For millennia, the North’s boreal forests have sucked carbon dioxide from the air, reducing the greenhouse gas layer enveloping the planet.
But now, as big fire seasons become more frequent in Alaska, Canada, Siberia and Scandinavia, scientists are warning that the vast forests might switch from being carbon sinks to carbon emitters.
At risk for release during wildfires is the old carbon that has accumulated in the ground below the trees, a more significant source of carbon than the burning threes themselves.
In study published in the journal Nature, scientists found that some of fires burning in the spruce-dominated forests of Canada’s Northwest Territories in 2014, released carbon that had been sequestered in the soil for hundreds of years.
Fire frequency strongly influences the fate of that underground “legacy carbon,” the study found. Areas of burning forest most likely to release old carbon were those that had previously burned within the prior 60 years, said the study.

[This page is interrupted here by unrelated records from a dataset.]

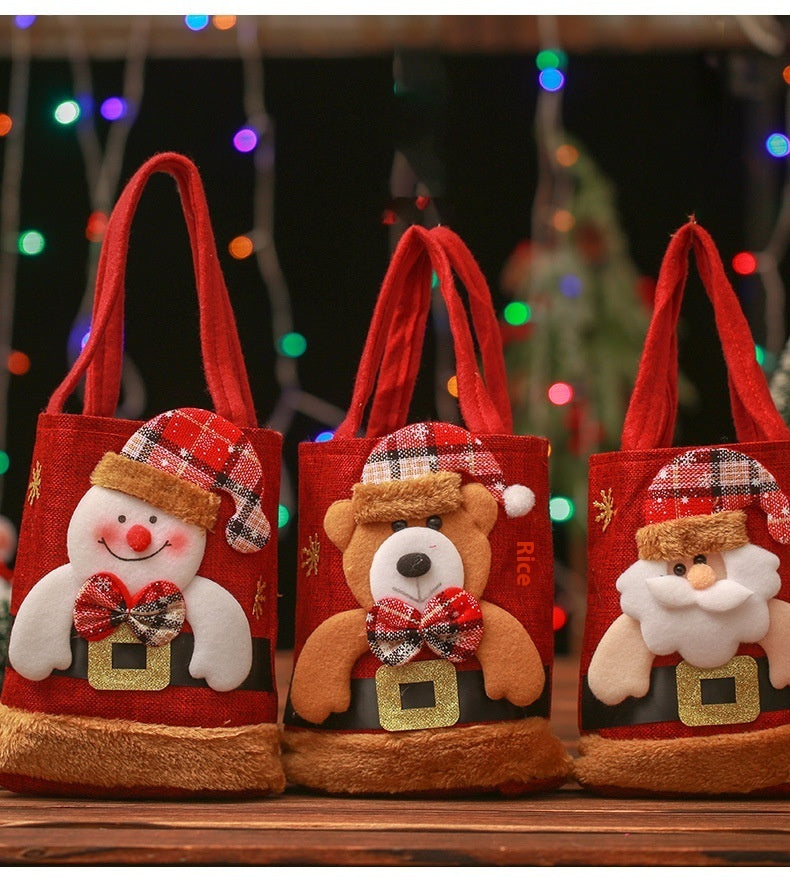 Christmas Candy Gift Tote Bag For Kids Funny Creative Santa Claus Elk Snowman Bear Handbag Small Christmas Tree Decoration Bags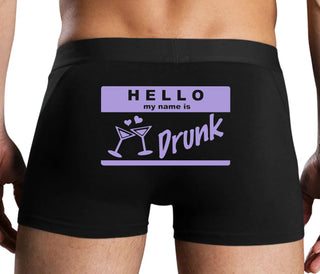 Hello My Name Is Drunk - Black Boxer Brief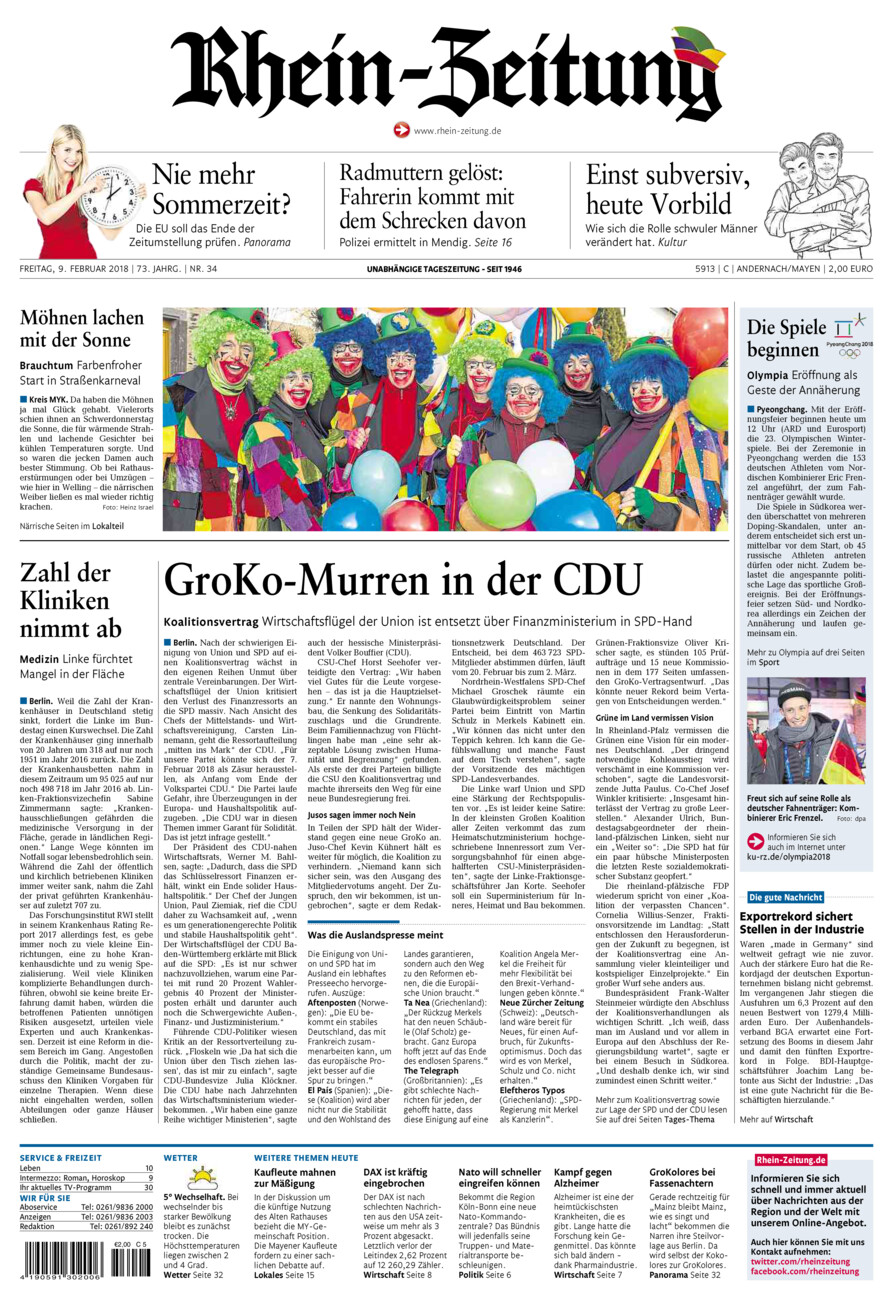 Rhein-Zeitung Andernach & Mayen vom Freitag, 09.02.2018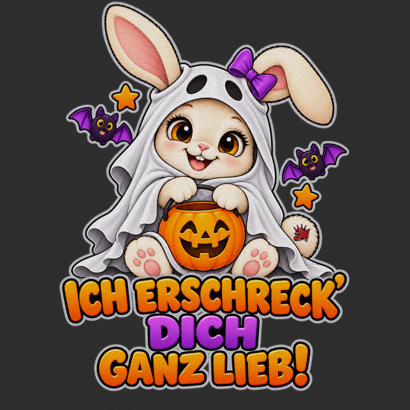 JA Kuschelspuk – Kinder-T-Shirt in Schwarz, Nahaufnahme vom Motiv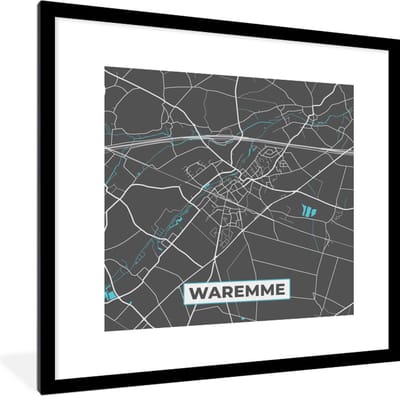 Fotolijst incl. Poster - Stadskaart – Grijs - Kaart – Waremme – België – Plattegrond - 40x40 cm - Posterlijst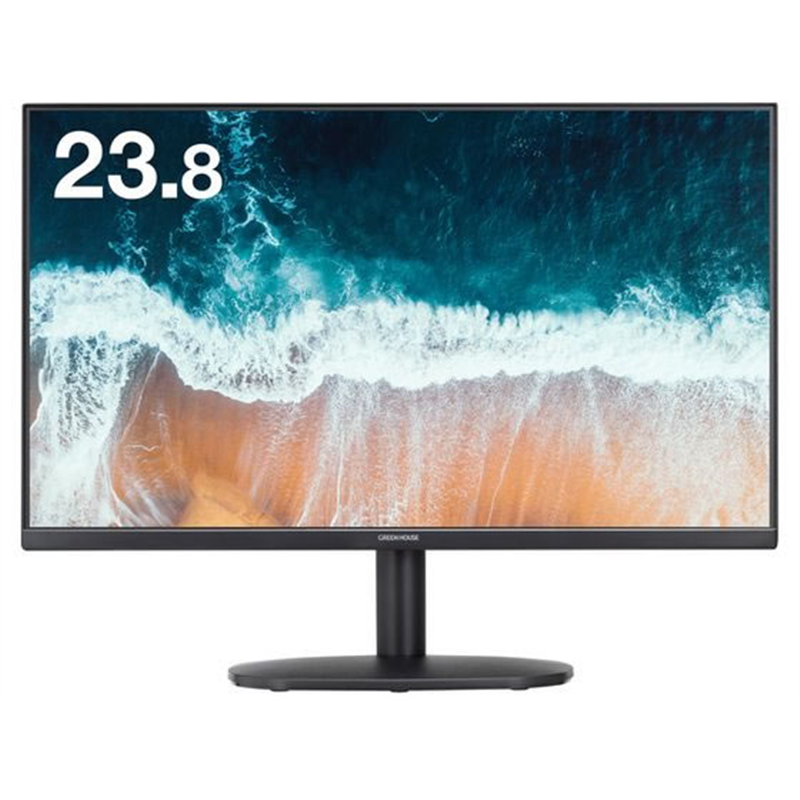 グリーンハウス ワイドフルHD対応LED 液晶ディスプレイ 23.8型 1台（ご注文単位1台）【直送品】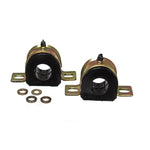 Energy Suspension black 35mm polyurethane greaseable sway bar bushings with zinc-plated metal brackets and zerk fittings.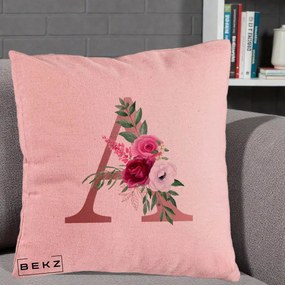 Cadou Personalizat - Perna Personalizata Monograma Rose Gold Litera A, 40x40 cm, Roz, Husa Detasabila, Perna Inclusa, BEKZ®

When the time intervals between big fires are long, the layer of peat and other organic material at the forest floor’s surface is usually thick enough to protect the old carbon from flames, said Northern Arizona University postdoctoral researcher Xanthe Walker, the study’s lead author. “But if that interval is very short, that old carbon is closer to the surface,” she said. More frequent burning means less soil carbon will escape the fires, she said.
Warmer and drier conditions in themselves put legacy carbon at risk, Walker said.
“When you do get drought years and that soil dried out, deeper burning is a possibility, of course, and that would burn up that legacy carbon,” she said.
The 2014 fire season was the biggest on record for the Northwest Territories, with 8.4 million acres burned. But seasons like that are expected to be more common in the future. Big fire seasons have increased in frequency in northern boreal forests, and the trend is expected to continue as the climate continues to warm.
Boreal forests around the circumpolar North store 30 to 40 percent of the world’s land-based carbon, and vast majority of that carbon is stored within the soils. Increased frequency of severe fires could change those statistics, and do so soon, the study warned.
“Increasing fire severity, in combination with greater fire frequency and more burning of young stands, could drive deeper burning of organic soil and greater proportional combustion of organic-soil C. This could render legacy C vulnerable to combustion and shift boreal forests from a net carbon sink to a net carbon source over the fire cycle,” the study said.
Legacy carbon can be very old. Soil samples taken for this study put its age at 118 to 1,670 years.
The study was the work of scientists from Northern Arizona University, the University of Alaska Fairbanks, the Woods Hole Research Center and four Canadian universities. NASA’s Arctic-Boreal Vulnerability Experiment program provided funding.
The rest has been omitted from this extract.